The router is the most suitable tool to use for many applications simply because it will get the job done quicker and will give a far superior finish than when using any other power tool.
Sometimes, applications just simply cannot be done any other way.
I have divided this section into four sub sections:
Safety, Holding the work and Use of templates
Includes: Safety, Holding the work, Templates & Guide Bushes, Template Construction, Feed Direction
Always switch off the router and isolate from the mains supply when changing cutters or making adjustments to the router.
Ensure that the power cable is kept well away from the cutter and cannot tangle or catch on the work piece, jig or fittings.
- Check before starting to cut that clamps will not obstruct the path of the router. When cutting through the full thickness of the material, ensure that the cutter cannot foul the vice, bench edge or other obstacles beneath the work piece.
- Most construction sites only allow the use of 110v/115v power tools and this may be a deciding factor when purchasing power tools.
- When routing, a flat and stable work table is essential.
- Always wear eye protection such as goggles, and wear ear defenders if routing for a lengthy period.
- Do not allow loose clothing to dangle over the work area. Roll sleeves up and ensure long hair is tied back.
- Keep fingers clear of the cutter and never touch any part to try to slow or stop the cutter.
- Practice the procedure first before switching on and concentrate carefully on what you are doing.

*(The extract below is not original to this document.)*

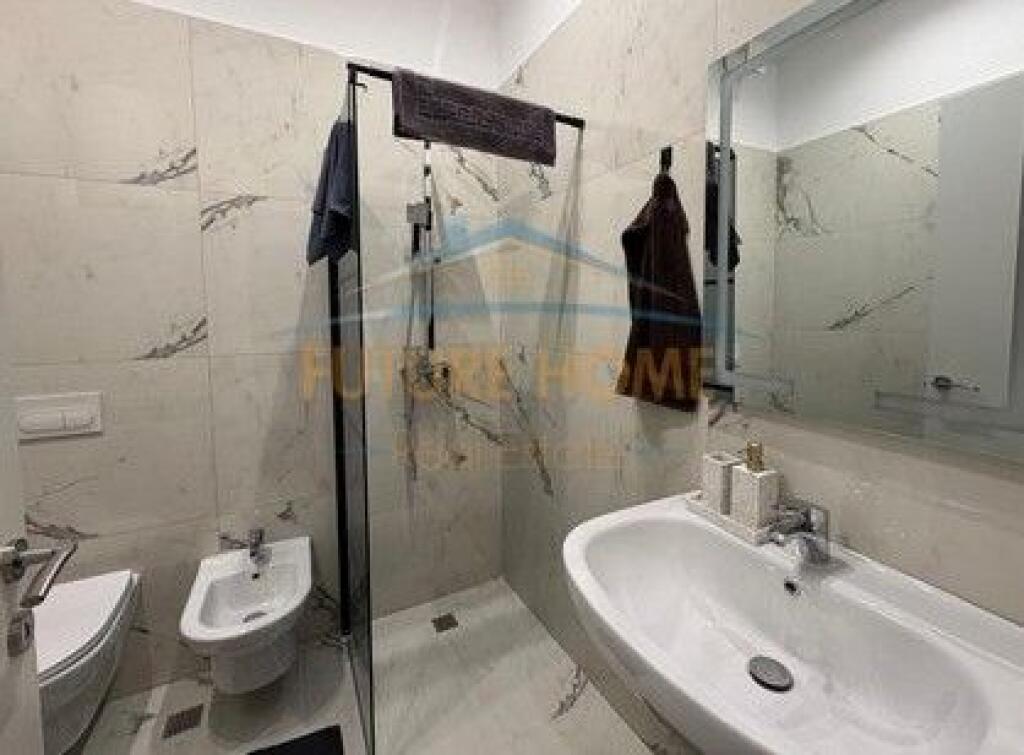 Affitto, Appartamento 2+1, Via Durazzo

- Use dust extraction wherever possible. Many routers have dust guards as standard or as an accessory.
- Take care when handling cutters as they are sharp. Store them carefully.
- Always feed the cutter into the material against the rotation of the cutter.
- Do not switch on the router with the cutter in contact with the work piece.
- Make sure the router has come to a complete stop and isolate the power before making adjustments.
- Where possible release the plunge lock and retract the cutter.
Holding The Work
1. Quick-action clamps are effective for holding the workpiece or jig to the bench and can be positioned in seconds.
Sash cramps or Trend Clamp Guides are ideal for holding larger sections for preparation and assembly.
2. Toggle clamps are useful where repeated clamping is required such as on work-holders and support jigs.
Alternatively if an obstruction free surface is required, end socket clamps can be used and require a 9mm hole in the material or waste-piece.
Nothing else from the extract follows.